## DATASET RECORDS
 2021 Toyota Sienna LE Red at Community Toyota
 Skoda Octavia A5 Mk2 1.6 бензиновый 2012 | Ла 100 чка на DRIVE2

* * *

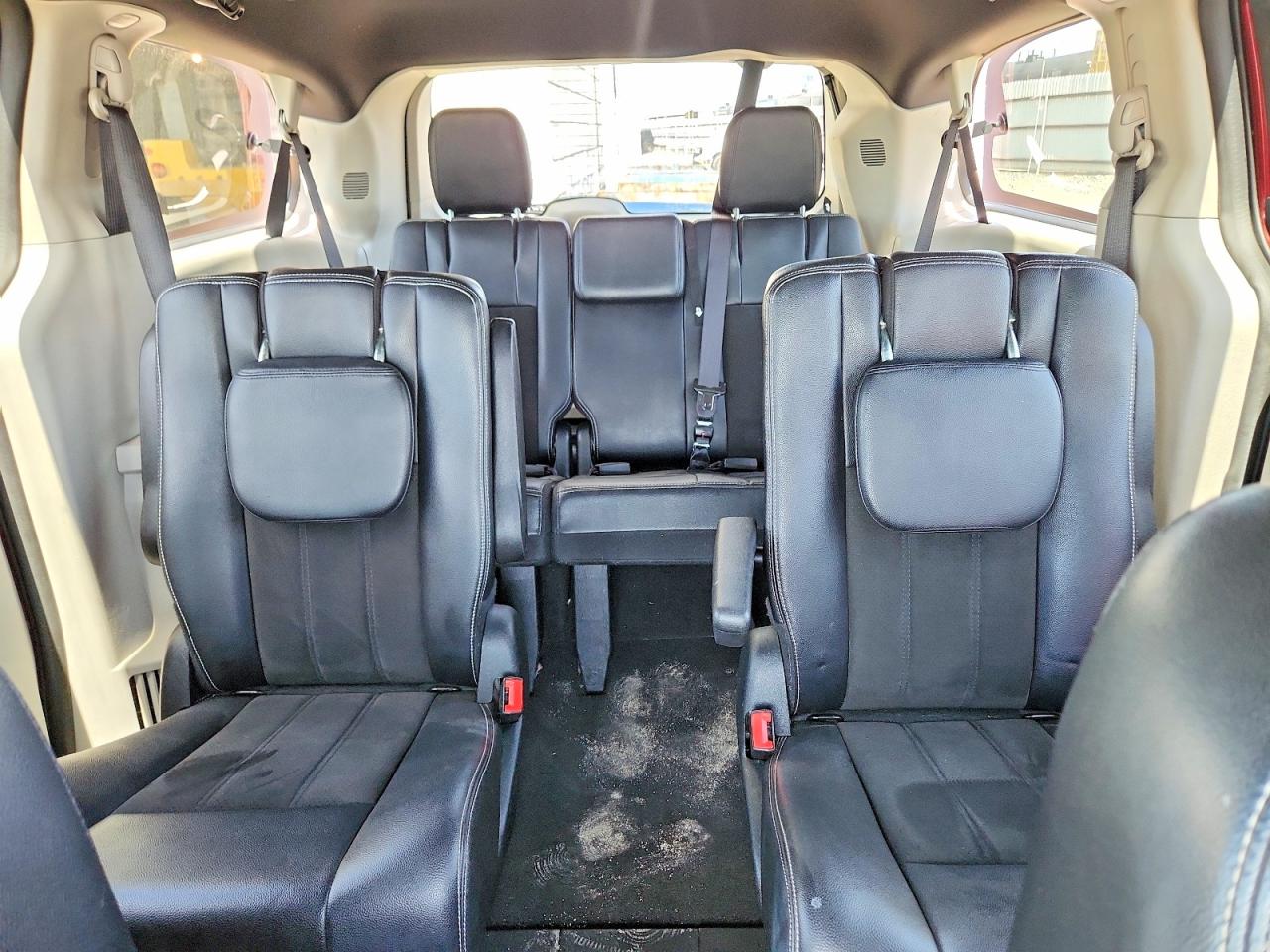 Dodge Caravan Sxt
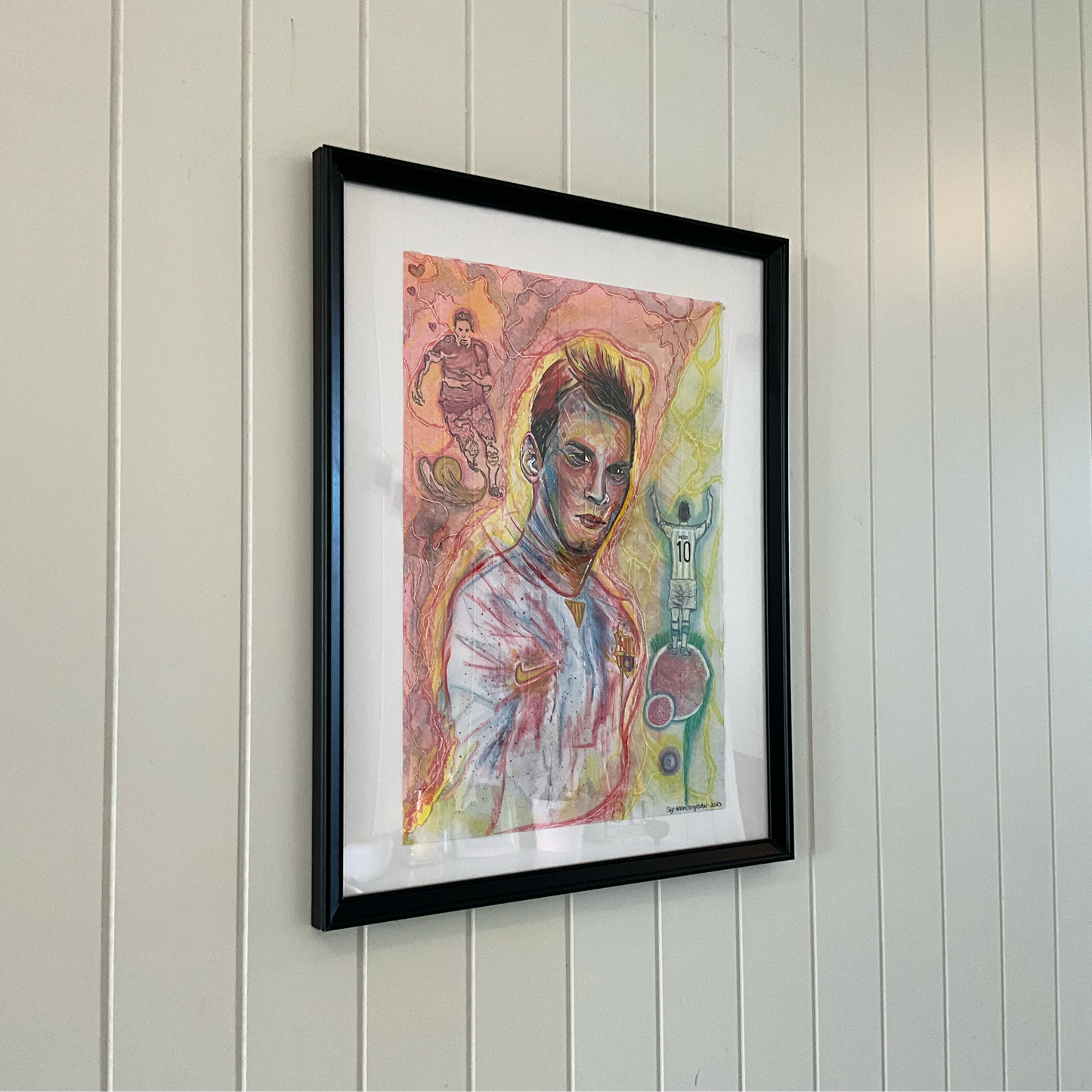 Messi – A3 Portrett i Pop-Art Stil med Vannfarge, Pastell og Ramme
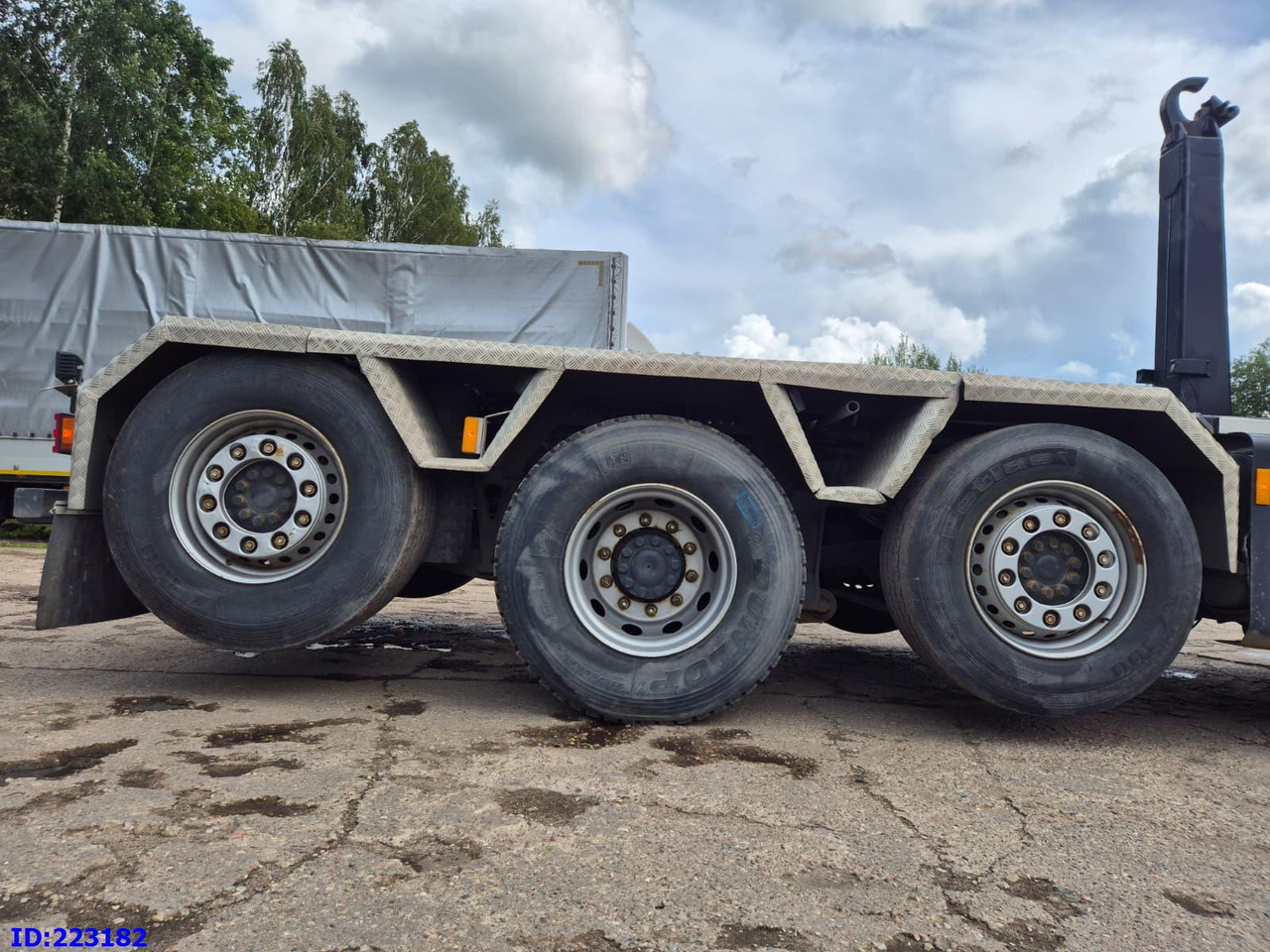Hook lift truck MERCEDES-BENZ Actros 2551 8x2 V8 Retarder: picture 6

## PROBLEM DETAILS
From the records above, transcribe exactly the run of lines that opens with the line holding "2021 Toyota Sienna" and closes with the line holding "Skoda Octavia A5", both included.

## WRITTEN ANSWER
 2021 Toyota Sienna LE Red at Community Toyota
 Skoda Octavia A5 Mk2 1.6 бензиновый 2012 | Ла 100 чка на DRIVE2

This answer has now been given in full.